Leave out the pictures and restate every entry word for word.

-=-=-=-=-

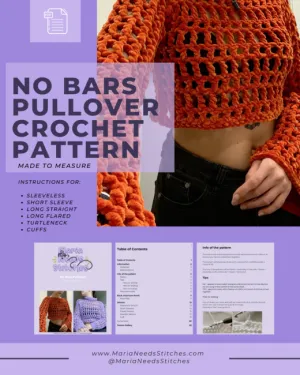 No Bars Pullover Crochet Pattern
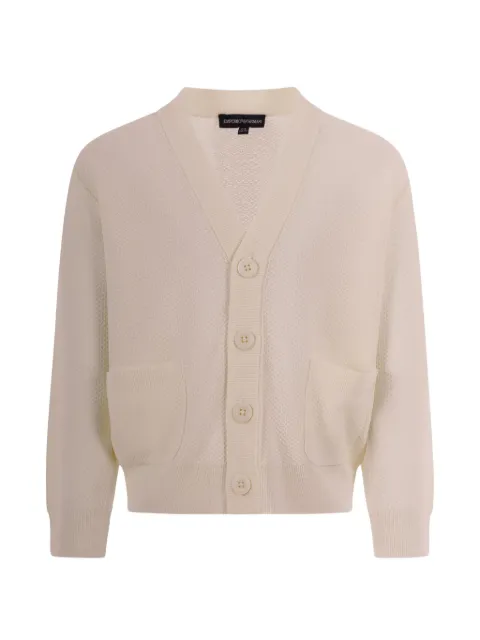Emporio Armani Kids button pocket cardigan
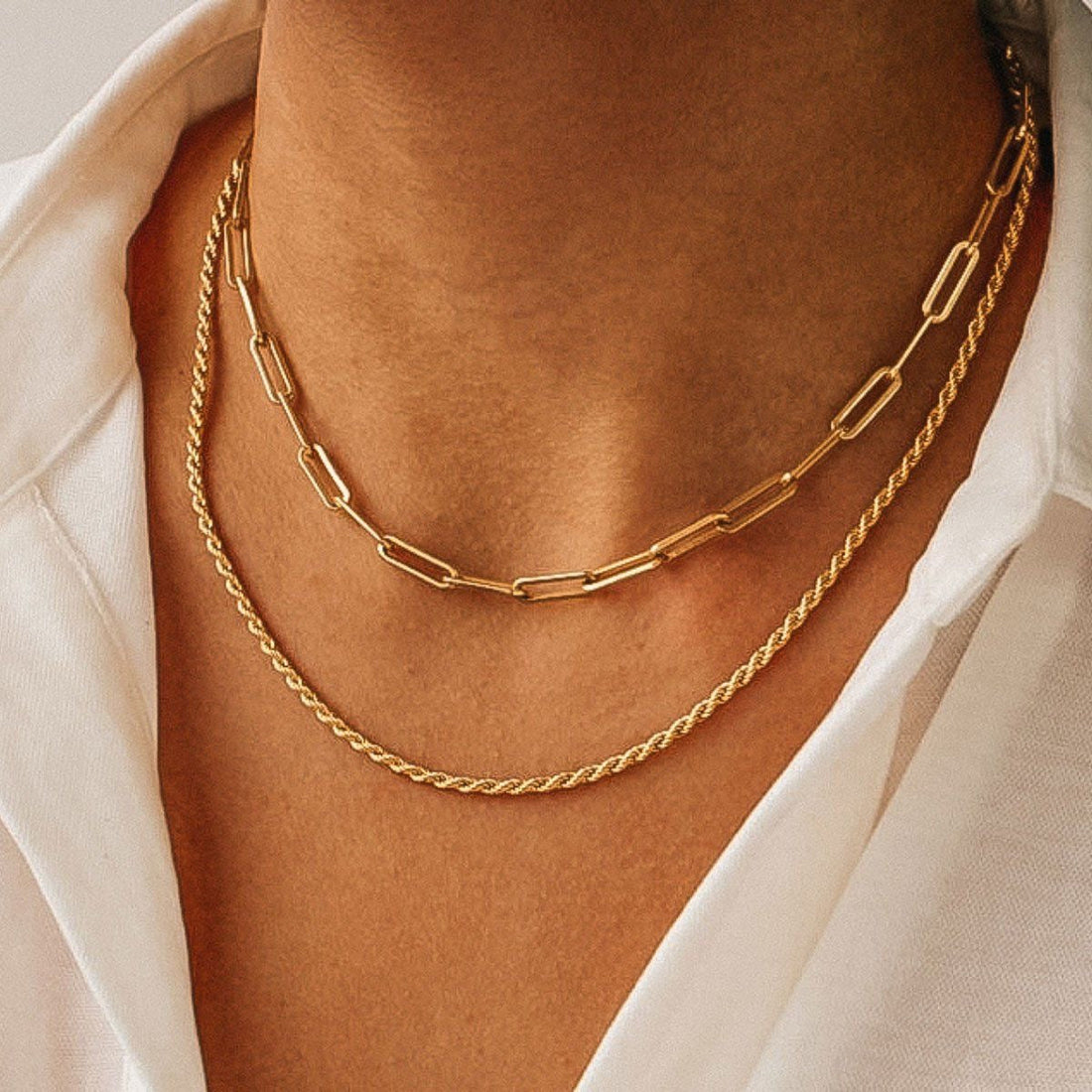 Colar Cordão Baiano 2mm Antonella Banhado em Ouro 18K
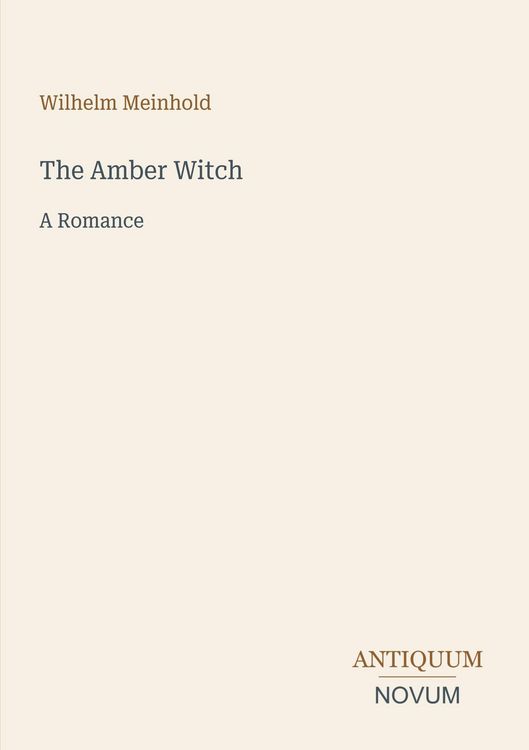 Produktbild: The Amber Witch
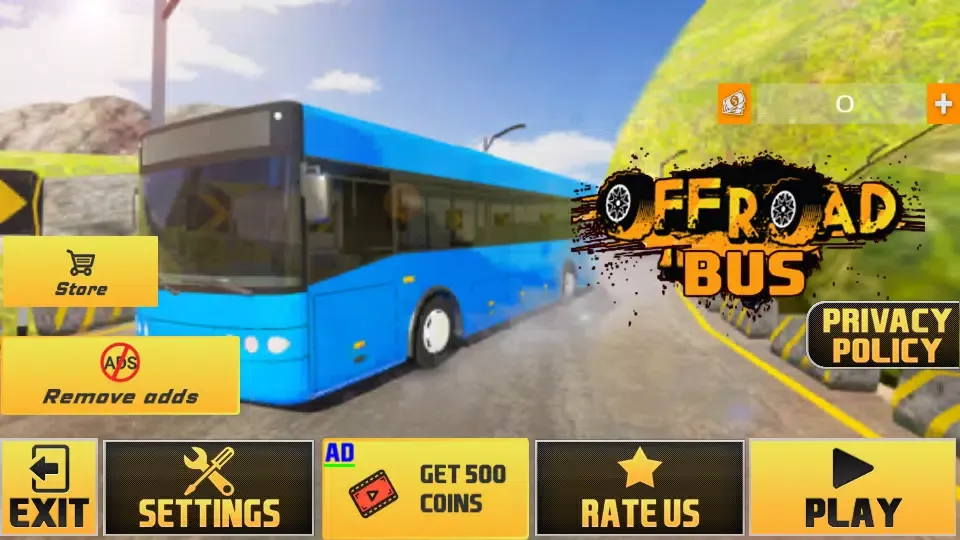 Mountain Road Bus Diving Game Screenshots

-=-=-=-=-

* EXERCISE SOLUTION
 No Bars Pullover Crochet Pattern
Emporio Armani Kids button pocket cardigan
 Colar Cordão Baiano 2mm Antonella Banhado em Ouro 18K
 Produktbild: The Amber Witch
 Mountain Road Bus Diving Game Screenshots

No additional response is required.